Dataset entries:
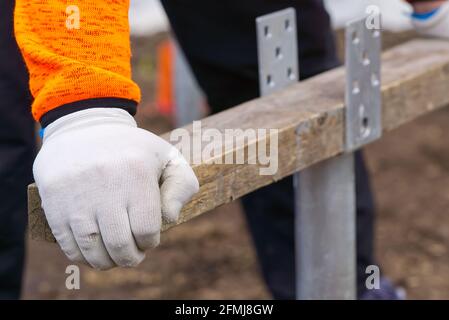 the builder twists the foundation made of screw piles. Lightweight and fast screw pile foundation is well suited for solar panels, terraces Stock Photo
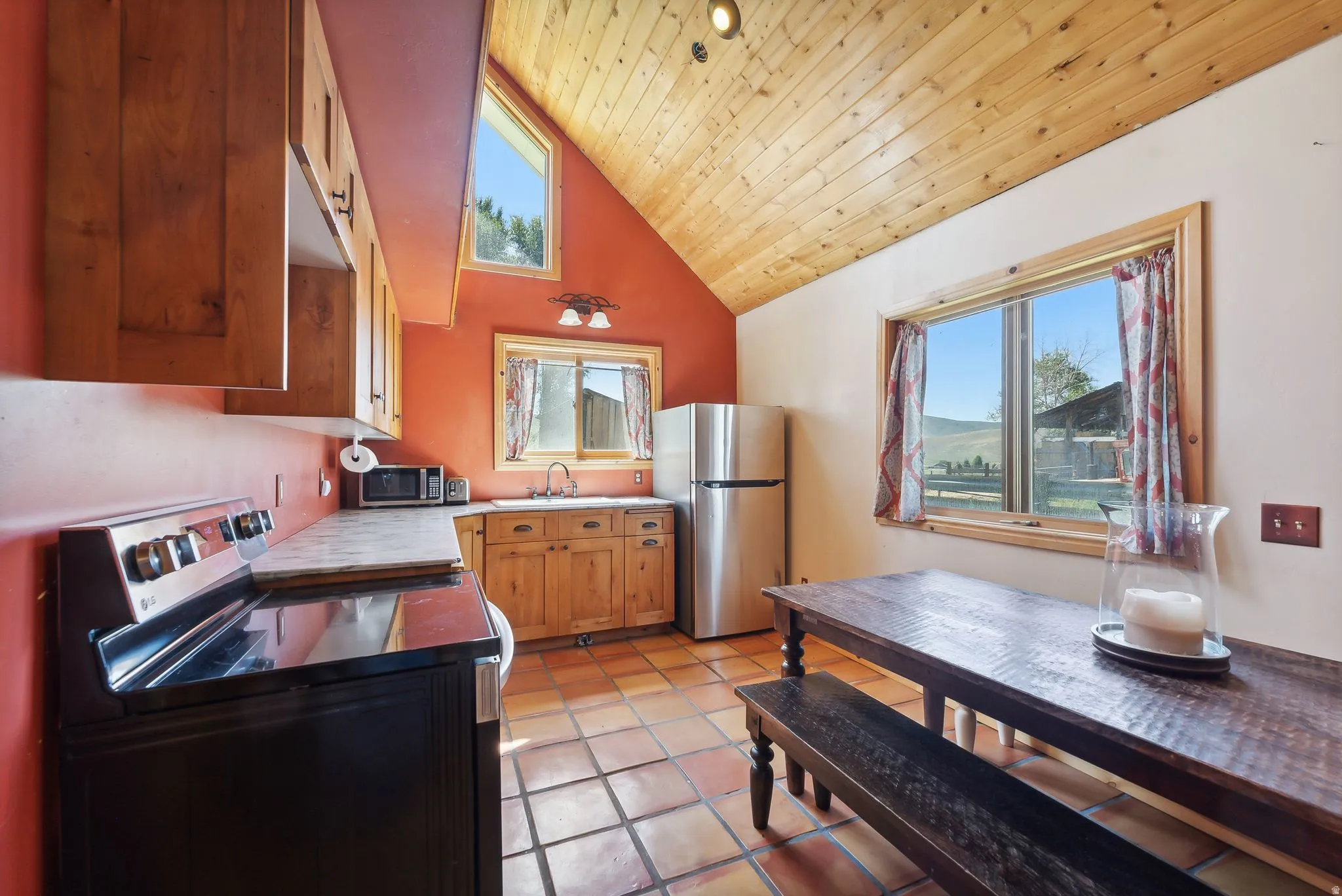 Kitchen featuring stainless steel appliances, a vaulted wooden ceiling, light countertops, wood finish cabinetry, and light tile patterned floors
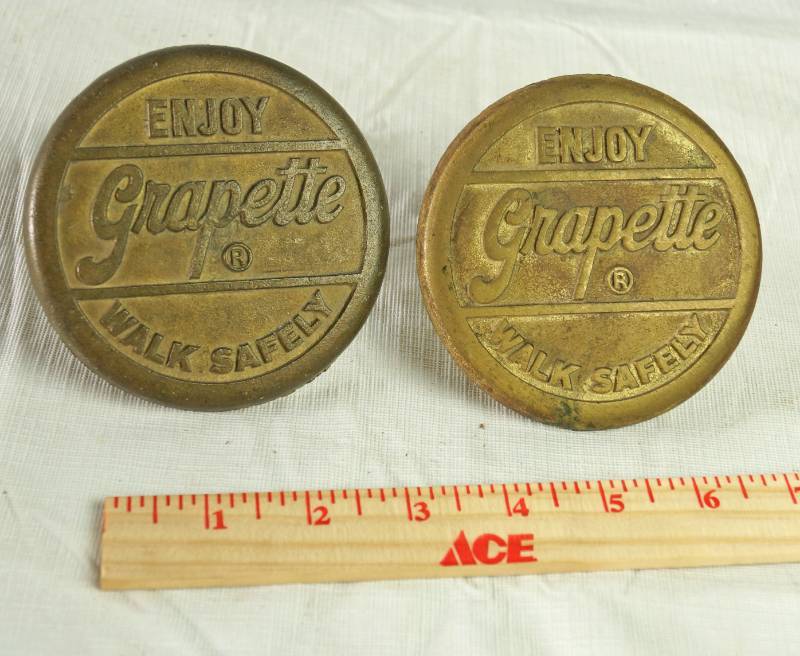 lot 1201 image: Lot of 2 OLD ENJOY GRAPETTE  WALK SAFELY CROSSWALK MARKER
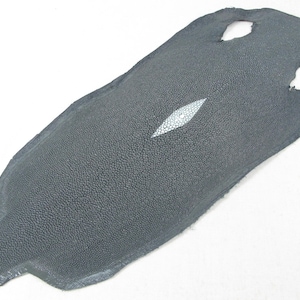 May include: A grey stingray skin featuring a textured, pebbled surface and a distinct, elongated white diamond-shaped calcified centre. The hide has an irregular, tapered shape with two circular cutouts near the top edge of the material.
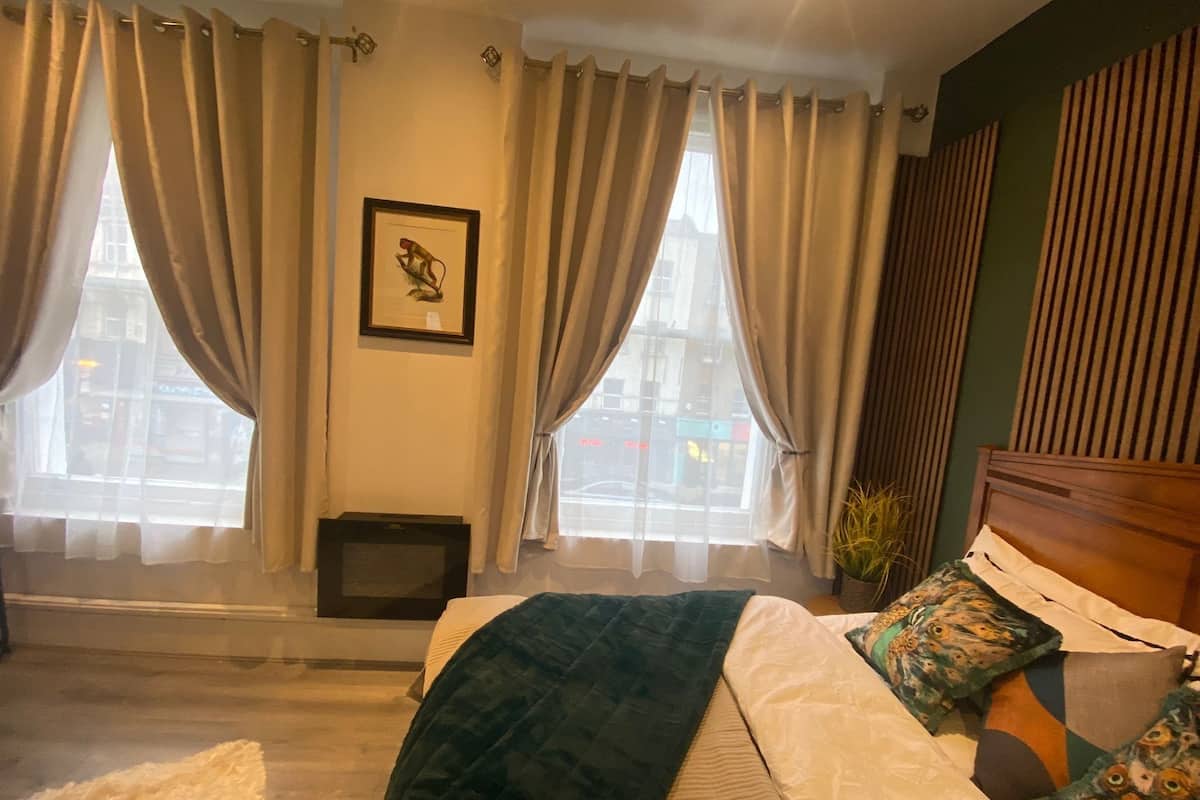Une chambre à coucher avec un lit, des rideaux, un tableau encadré et une fenêtre donnant sur des immeubles.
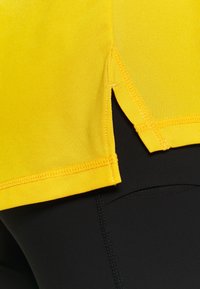 Żółty sportowy top z teksturowanej tkaniny, z bocznymi rozcięciami i kontrastującym czarnym materiałem poniżej. Widoczne przeszycia wzdłuż krawędzi.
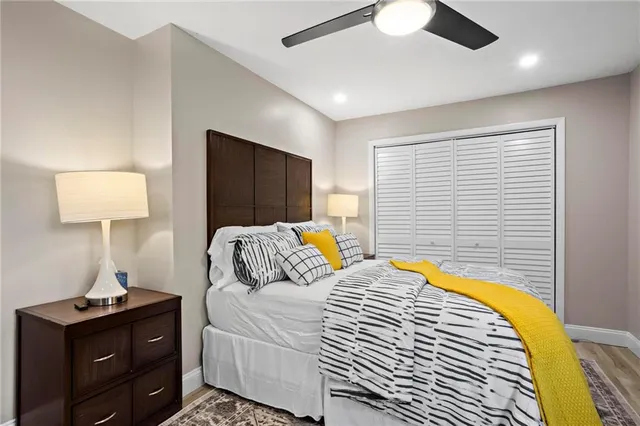 a bedroom with a bed and a lamp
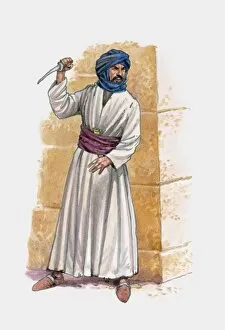 Middle eastern man standing near wall holding knife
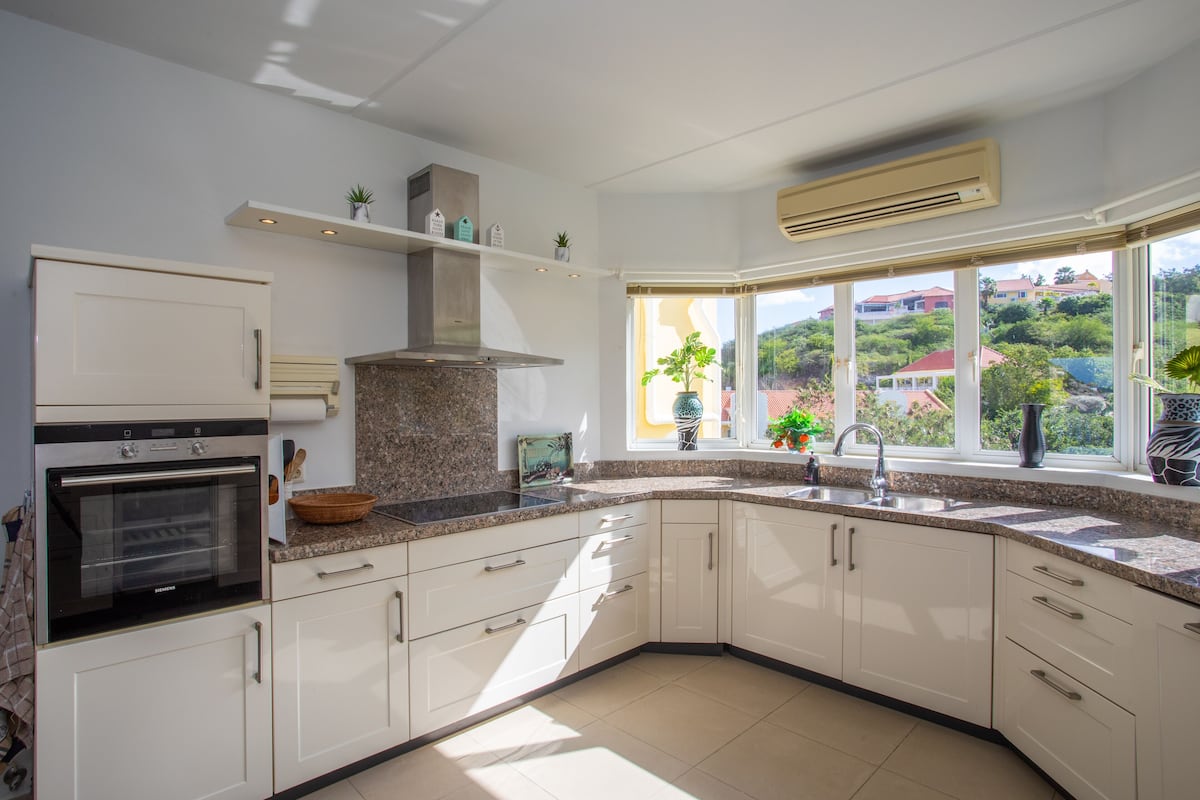 oceanfront 4 bedroom penthouse | private kitchen | full-sized fridge, oven, stovetop, dishwasher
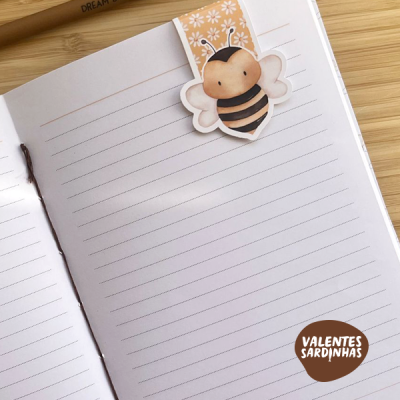 Caderno aberto com fita marcadora de abelha num fundo de madeira clara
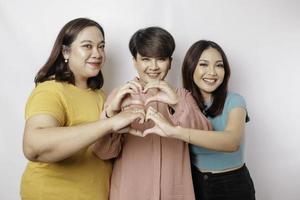 tre asiatisk kvinnor känna Lycklig och en romantisk former hjärta gest uttrycker anbud känslor, stänga vänskap begrepp. foto
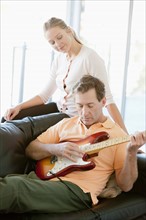 Mature man playing guitar while woman listening. Photo: Rob Lewine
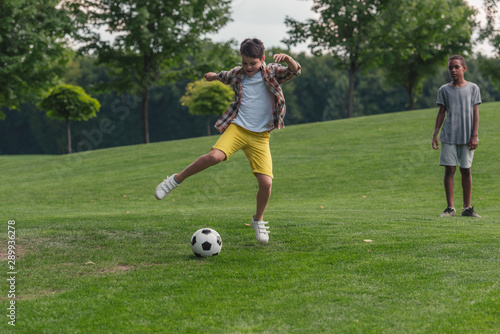 cute african american boy standing on grass near friend playing football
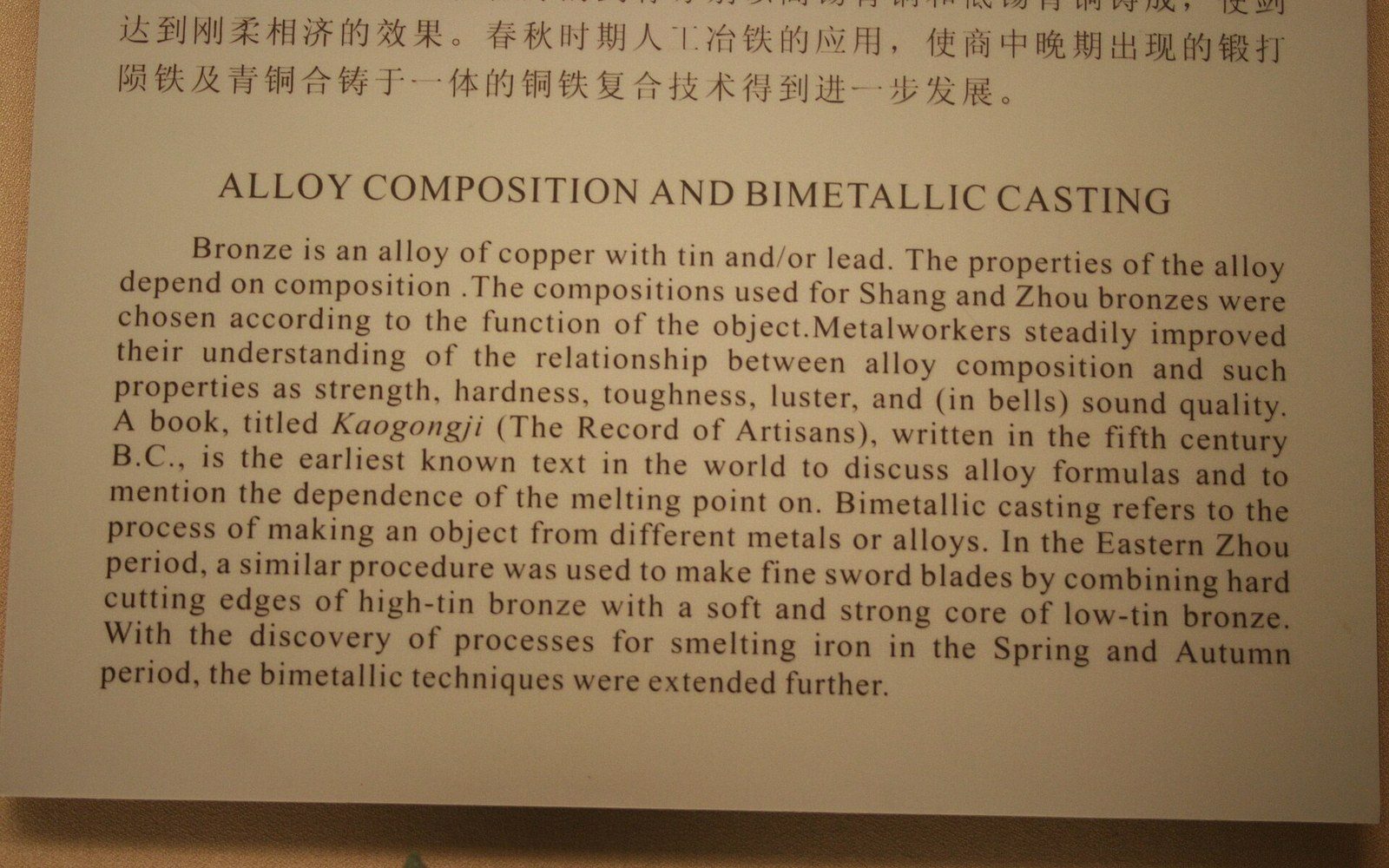 Museum placard explaining bronze alloy composition and bimetallic casting techniques in Chinese metalwork
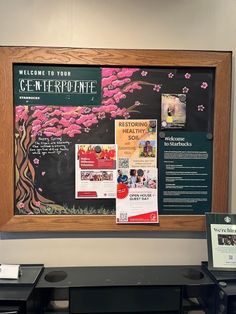 a bulletin board with pink flowers on it and information about the centerpointe program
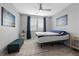 Well-lit bedroom with a ceiling fan, modern decor, and ample natural light at 10431 Seelos St, Las Vegas, NV 89178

## Exercise prompt:
Range to copy from the records above: the line containing "Żółty sportowy top" to the line containing "oceanfront 4 bedroom", both included. Output those lines exactly and only those, skipping pictures.

## Response below:
 Żółty sportowy top z teksturowanej tkaniny, z bocznymi rozcięciami i kontrastującym czarnym materiałem poniżej. Widoczne przeszycia wzdłuż krawędzi.
 a bedroom with a bed and a lamp
 Middle eastern man standing near wall holding knife
 oceanfront 4 bedroom penthouse | private kitchen | full-sized fridge, oven, stovetop, dishwasher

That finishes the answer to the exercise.